[[ Record excerpts open ]]

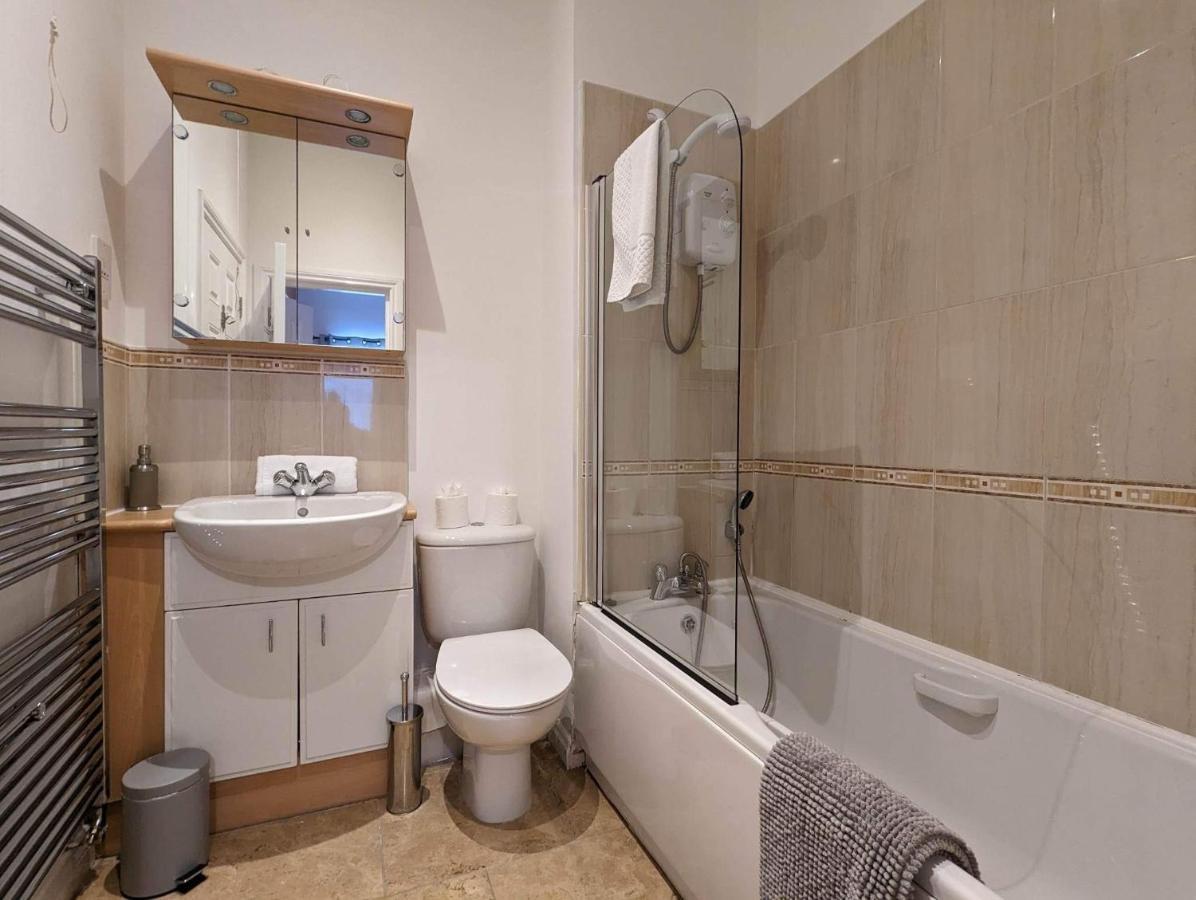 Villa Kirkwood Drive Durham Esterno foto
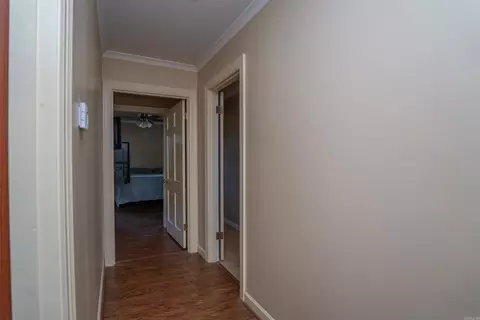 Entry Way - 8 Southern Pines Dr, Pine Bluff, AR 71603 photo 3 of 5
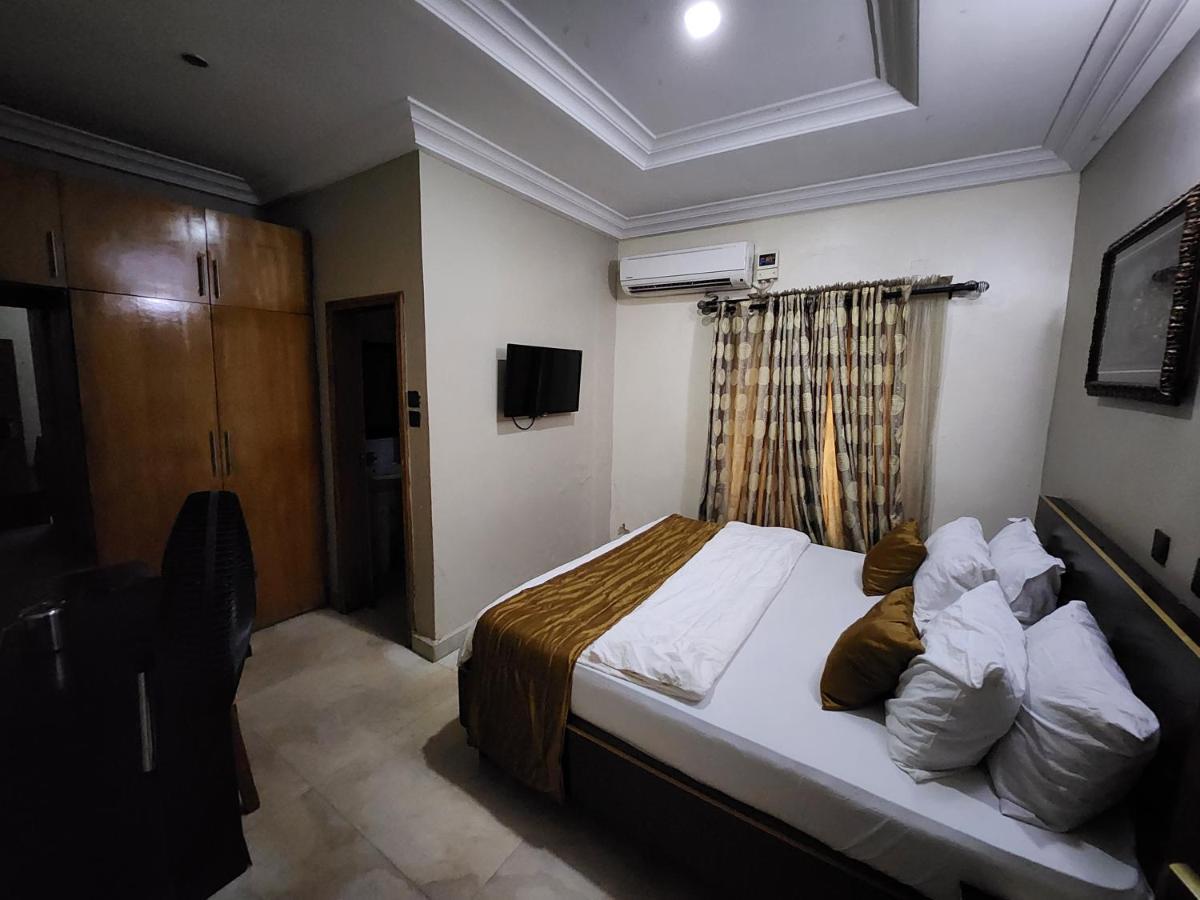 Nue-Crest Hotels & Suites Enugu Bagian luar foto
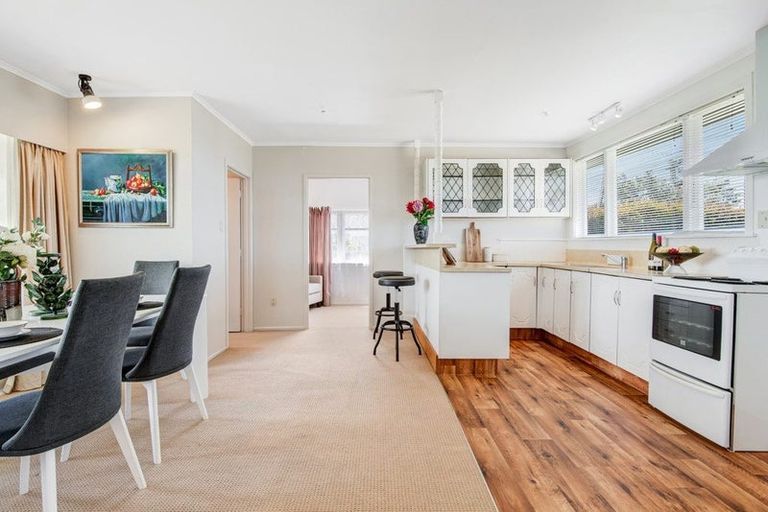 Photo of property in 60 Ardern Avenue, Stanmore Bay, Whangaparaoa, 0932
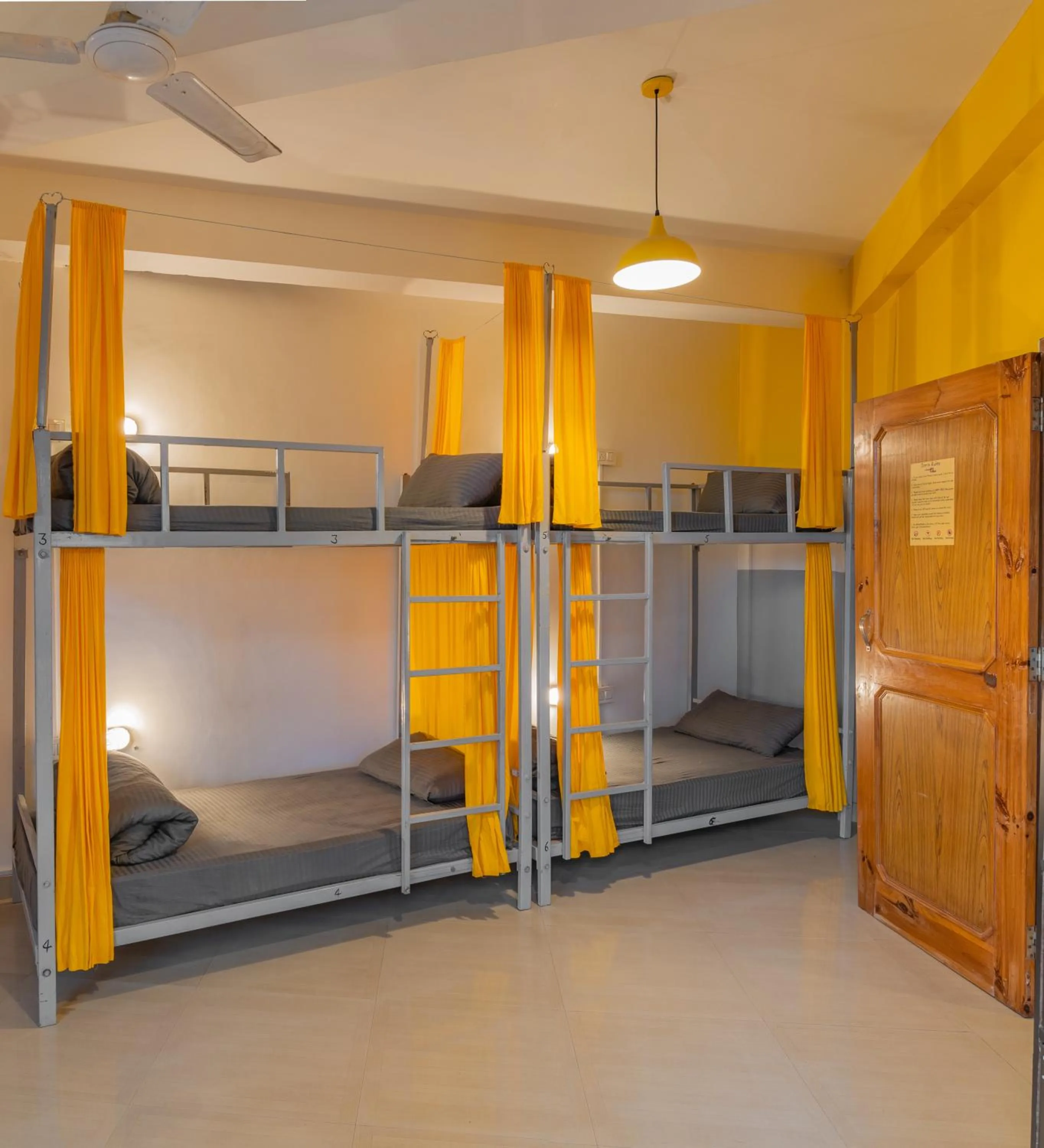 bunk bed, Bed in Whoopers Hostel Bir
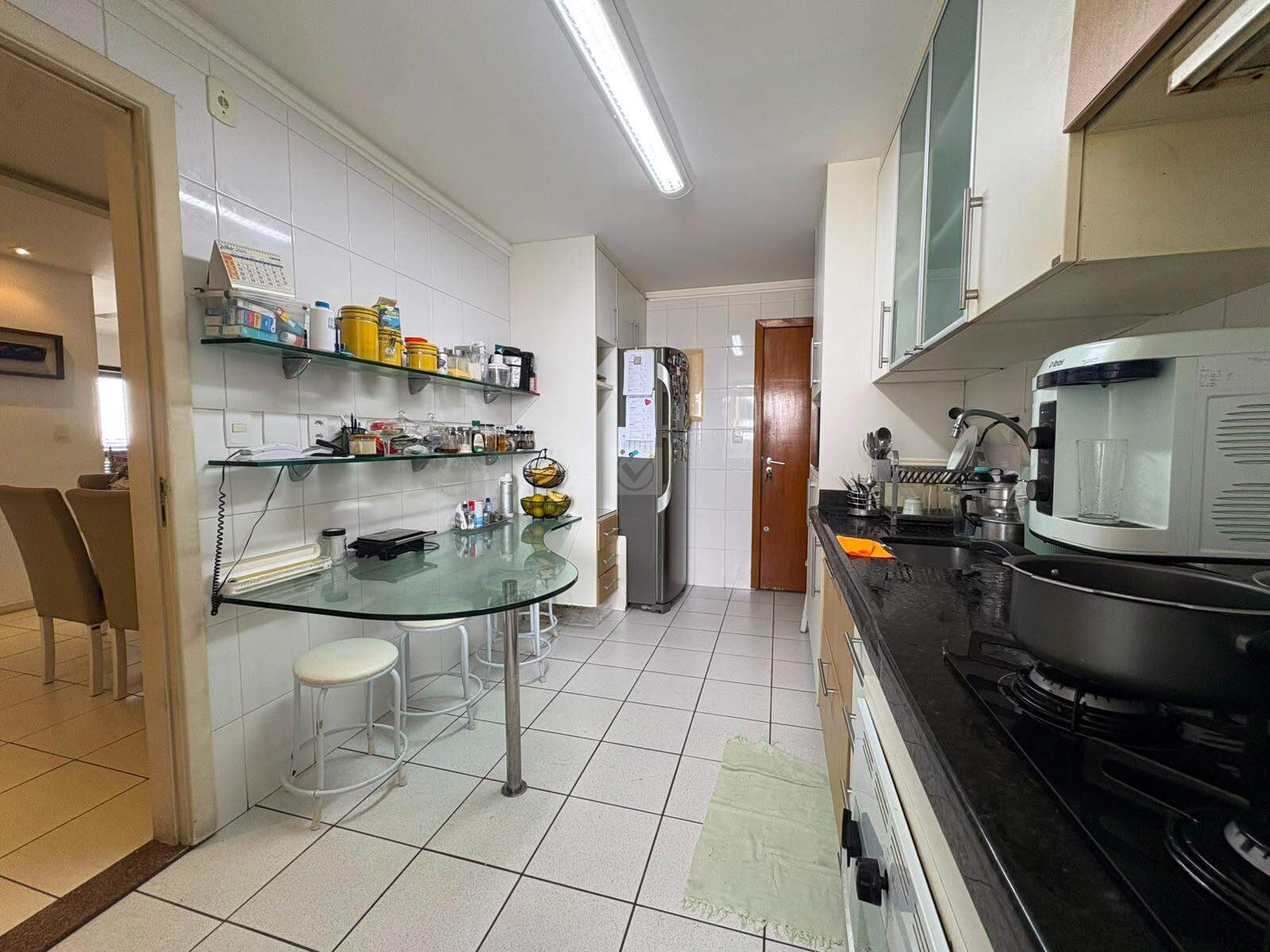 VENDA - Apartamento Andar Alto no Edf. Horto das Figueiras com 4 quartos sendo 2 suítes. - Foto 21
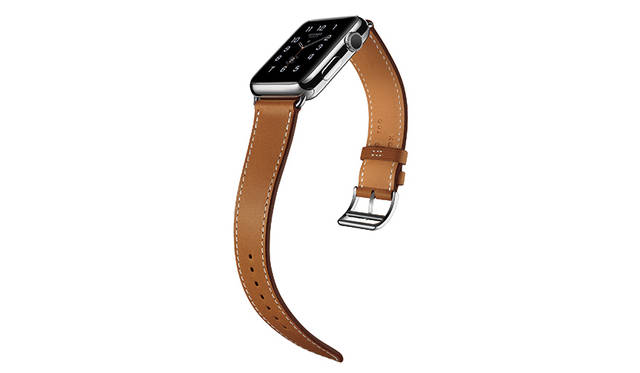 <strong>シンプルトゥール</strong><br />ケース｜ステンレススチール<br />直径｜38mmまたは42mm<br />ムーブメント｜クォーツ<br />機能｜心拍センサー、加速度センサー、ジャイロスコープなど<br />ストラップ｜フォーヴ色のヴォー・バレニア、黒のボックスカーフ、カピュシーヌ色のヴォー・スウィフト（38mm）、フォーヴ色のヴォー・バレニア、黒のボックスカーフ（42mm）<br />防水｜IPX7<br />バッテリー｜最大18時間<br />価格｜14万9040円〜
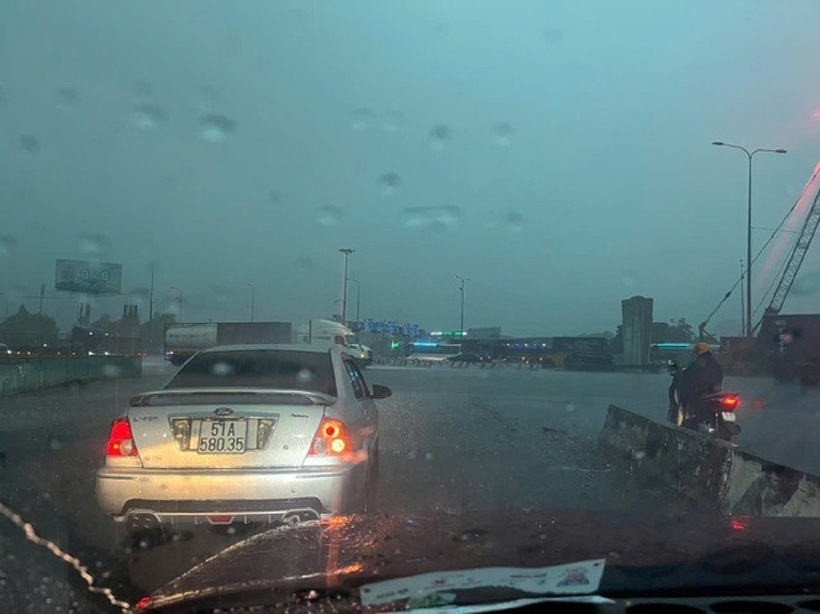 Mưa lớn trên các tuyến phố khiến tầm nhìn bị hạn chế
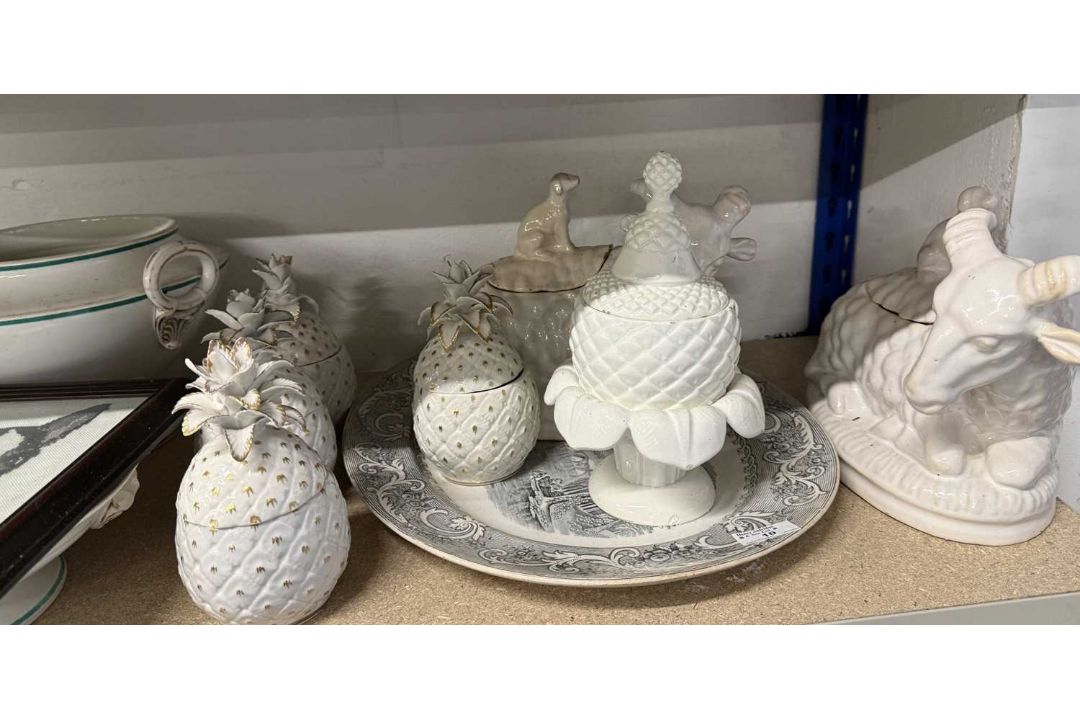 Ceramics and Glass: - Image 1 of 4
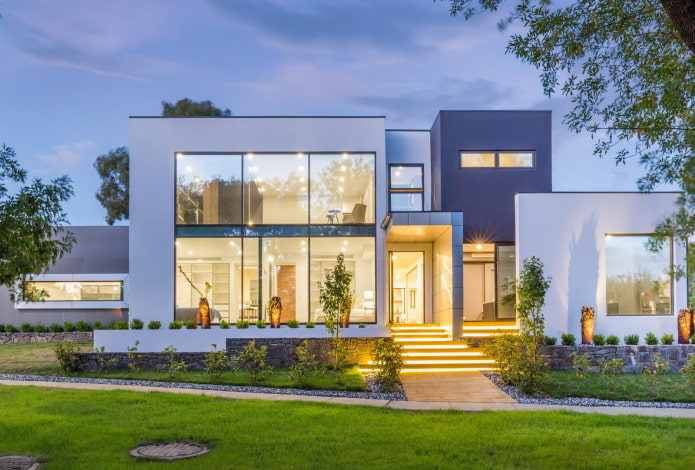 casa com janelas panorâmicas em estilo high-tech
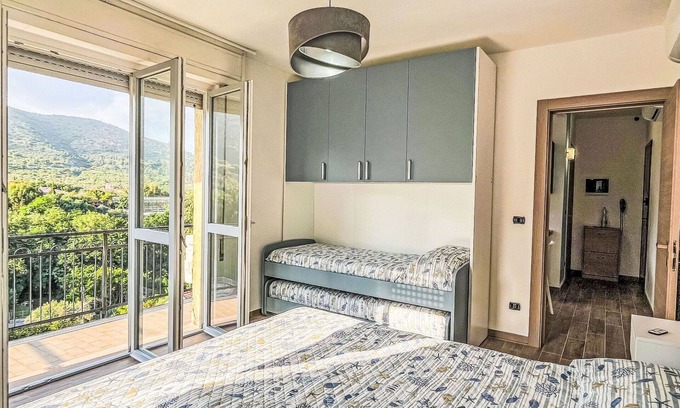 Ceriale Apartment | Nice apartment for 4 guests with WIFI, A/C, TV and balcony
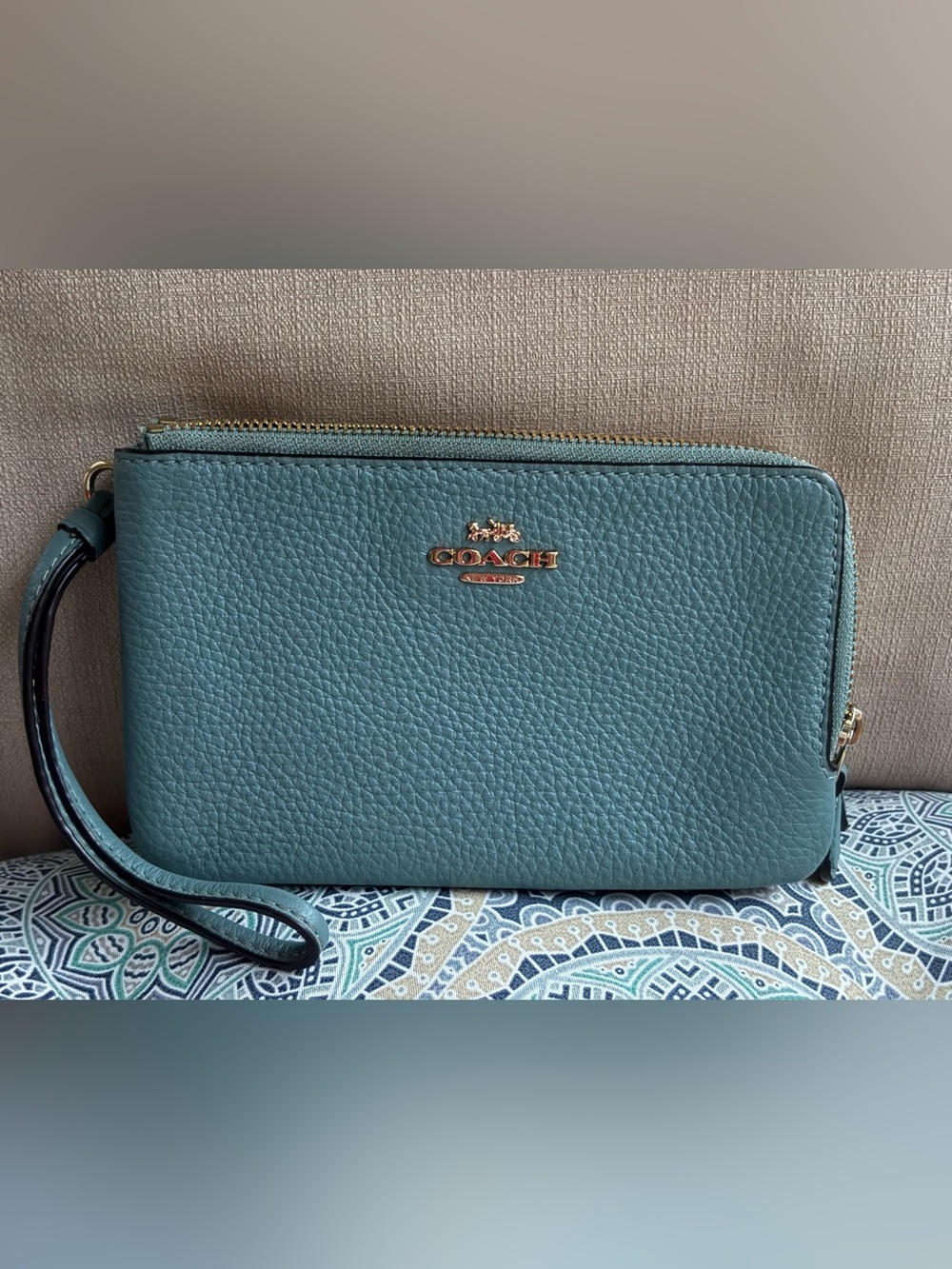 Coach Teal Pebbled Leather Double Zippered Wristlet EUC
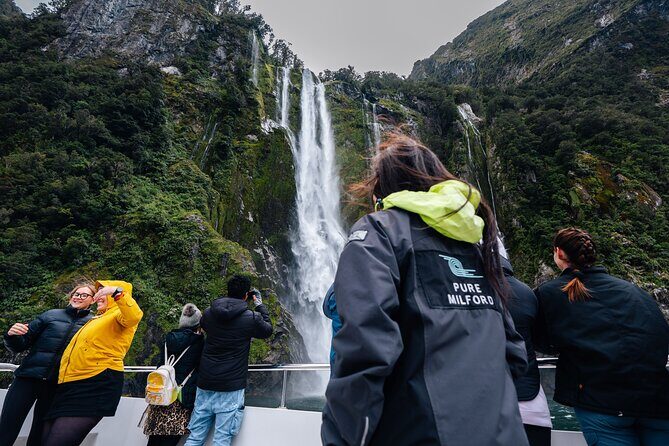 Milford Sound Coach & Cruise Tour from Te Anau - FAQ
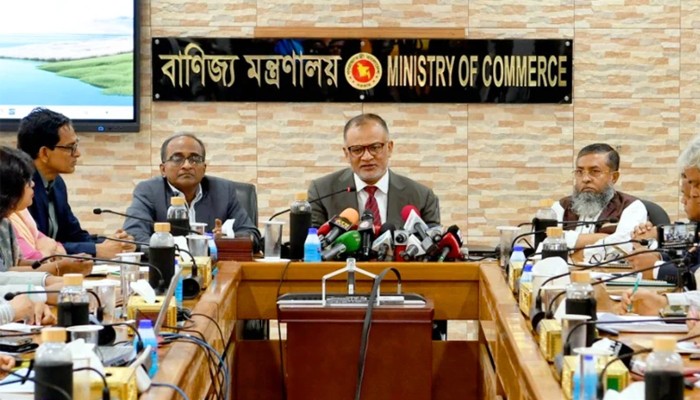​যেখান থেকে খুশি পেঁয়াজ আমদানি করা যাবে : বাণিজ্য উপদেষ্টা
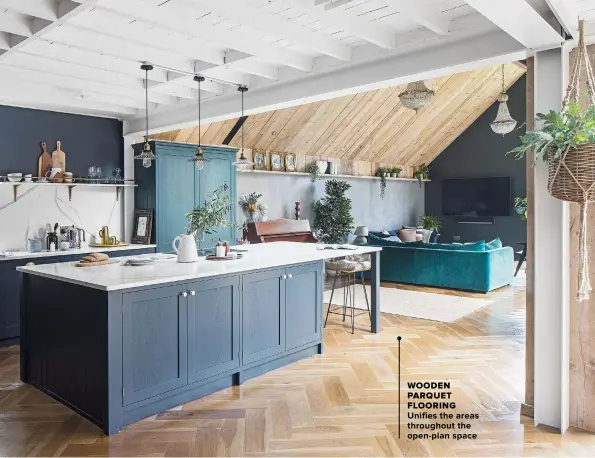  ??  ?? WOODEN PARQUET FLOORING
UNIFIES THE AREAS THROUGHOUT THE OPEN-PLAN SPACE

[[ Record excerpts closed ]]

Begin at the line containing "Milford Sound Coach" and stop at the final line of the data. Retype those lines exactly, without the pictures.

## Task response
 Milford Sound Coach & Cruise Tour from Te Anau - FAQ
​যেখান থেকে খুশি পেঁয়াজ আমদানি করা যাবে : বাণিজ্য উপদেষ্টা
  ??  ?? WOODEN PARQUET FLOORING
UNIFIES THE AREAS THROUGHOUT THE OPEN-PLAN SPACE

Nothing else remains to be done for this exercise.